A. M. Chirgwin cita el ejemplo de Tokichi
Ishii, que tenía un expediente criminal casi sin paralelo. Había matado a
hombres, mujeres y niños con una crueldad bestial. Eliminaba sin piedad a todos
los que se interpusieran en su camino. Por fin, se encontraba en la cárcel
esperando la ejecución. Allí le visitaron dos señoras canadienses que trataron
de hablarle a través de las rejas, pero él se limitaba a mirarlas con el ceño
de una fiera enjaulada. Por último tuvieron que abandonar; pero le dejaron una biblia.
Él empezó a leerla; y, una vez que empezó, ya no pudo parar. Siguió leyendo
hasta que llegó al relato de la Crucifixión, y a las palabras de Jesús: "

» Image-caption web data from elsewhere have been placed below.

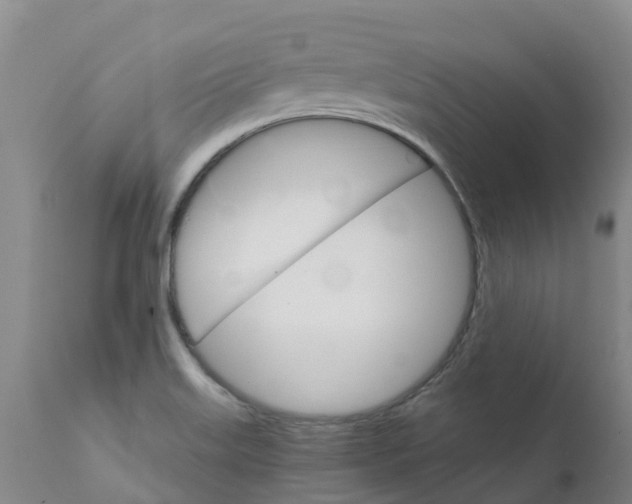 X0000111801515200908131424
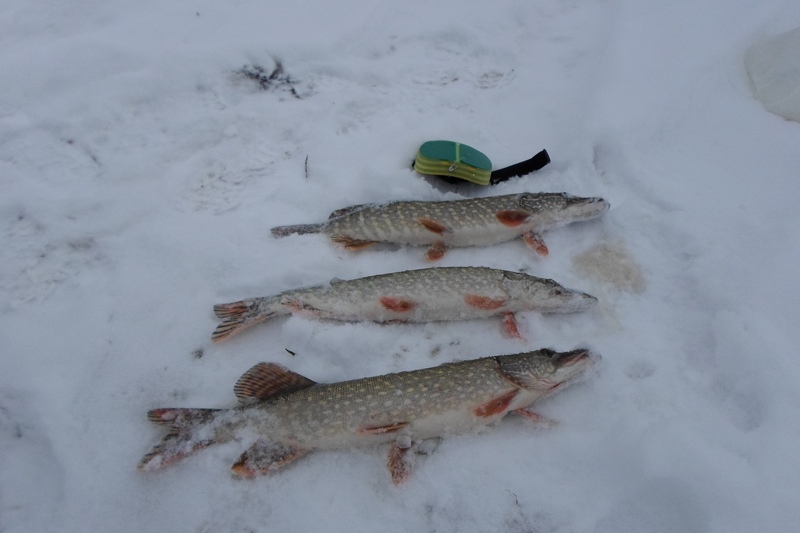 Прикрепленное изображение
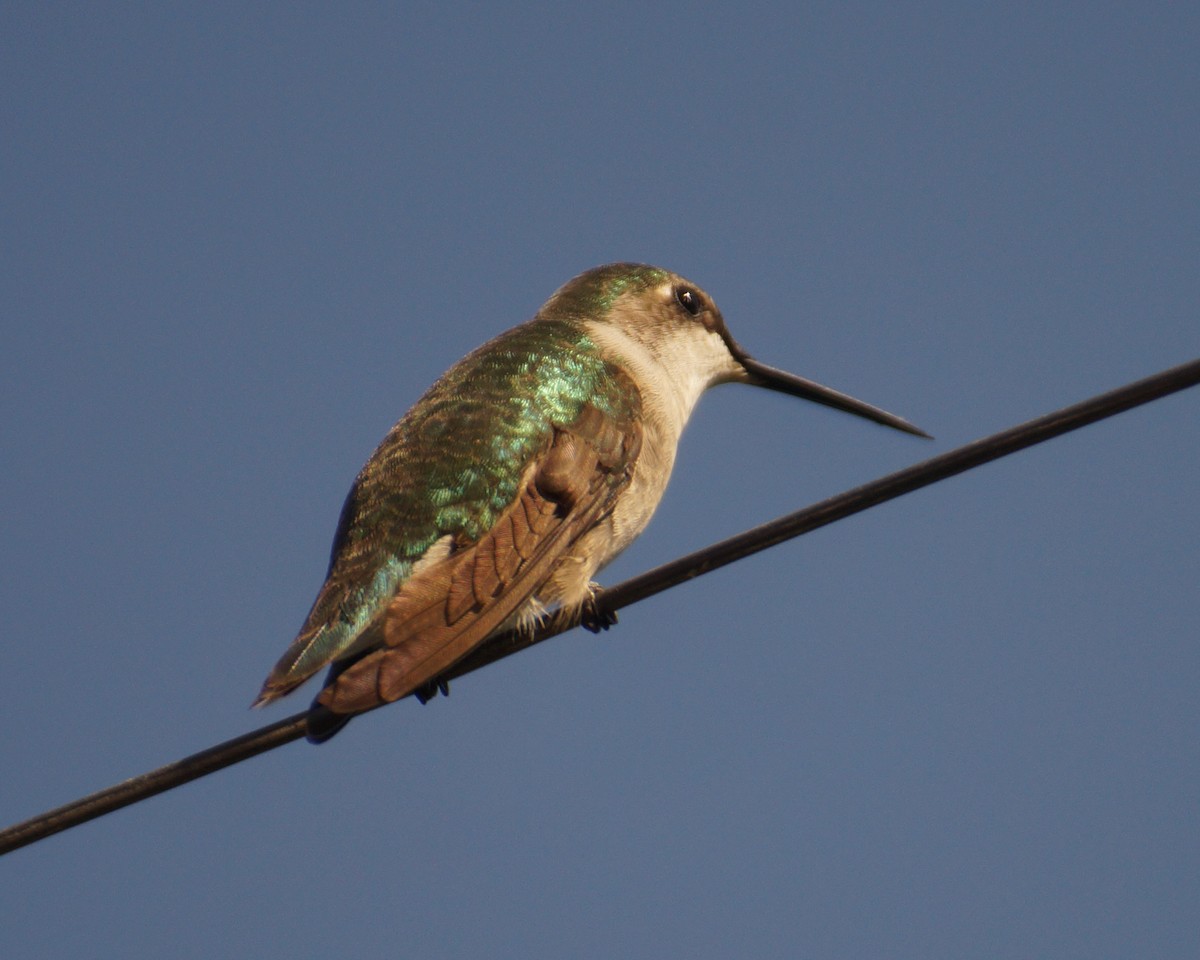hummingbird sp. - ML35733131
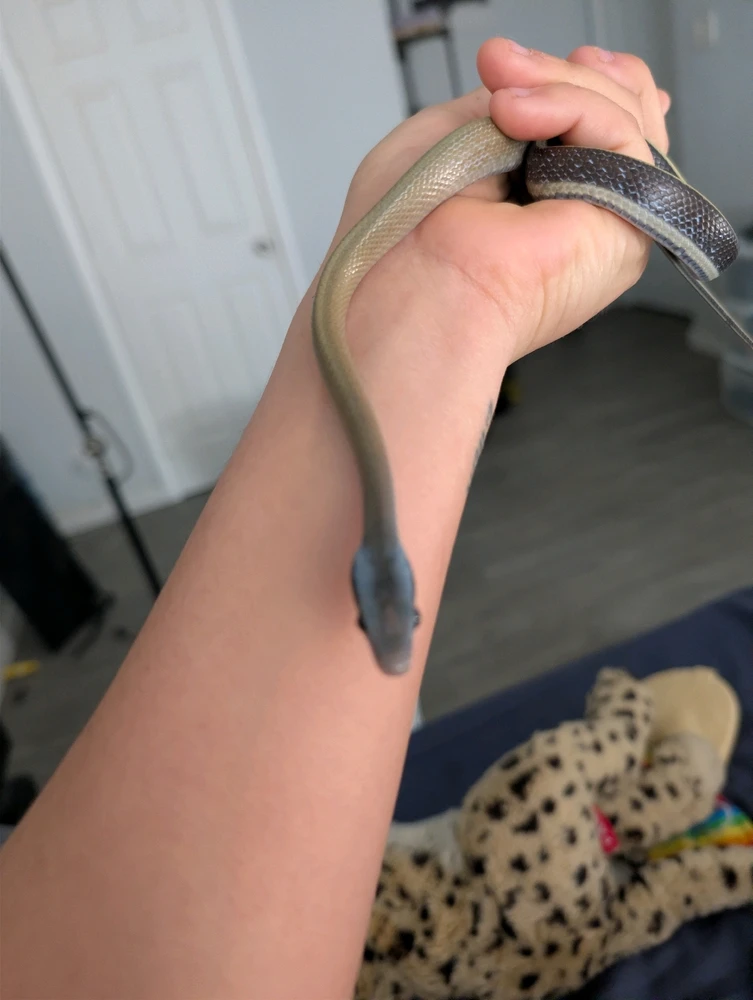 Image uploaded by Jordin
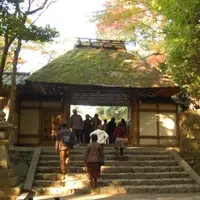 法然院の写真・動画_image_123065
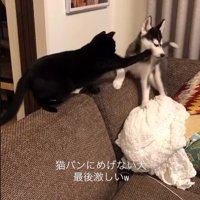 犬にパンチする黒猫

¡Padre, perdónalos, que no saben lo que hacen!»; y esa oración del Señor le
quebrantó el empedernido corazón. «Me detuve -contó después- con el corazón
atravesado peor que si hubiera sido con un clavo de cinco pulgadas. ¿Diré que
fue por el amor de Cristo? ¿O por Su compasión? No sé cómo llamarlo; lo único
que sé es que creí, y que desapareció la dureza de mi corazón.» Más tarde,
cuando el condenado fue al patíbulo, ya no era el endurecido hosco animal que
había sido antes, sino un hombre radiante y sonriente. El asesino había nacido
de nuevo; Cristo le había dado una nueva vida.
No
es imprescindible que suceda de una manera tan dramática. Una persona puede
volverse tan egoísta que esté muerta para las necesidades de los demás. Uno
puede llegar a ser tan insensible que esté muerto para los sentimientos de
otros. Se puede llegar a estar tan involucrado en la falta de honradez y de
dignidad que se está muerto para el honor. Hay quienes se sumen de tal manera
en la inercia que están espiritualmente muertos. Pero Jesucristo puede
resucitarlos. El testimonio de la Historia es que ha resucitado a millones y millones
de personas así, y Su toque no ha perdido su antiguo poder.
(ii)
Jesús estaba pensando también en la vida venidera. Él trajo la certeza de que
la muerte no es el final. Las últimas palabras de Eduardo III el Confesor
fueron: "No lloréis. Yo no me voy a morir. Al dejar la tierra de los que
mueren, confío en ver las bendiciones del Señor en la tierra de los que viven.»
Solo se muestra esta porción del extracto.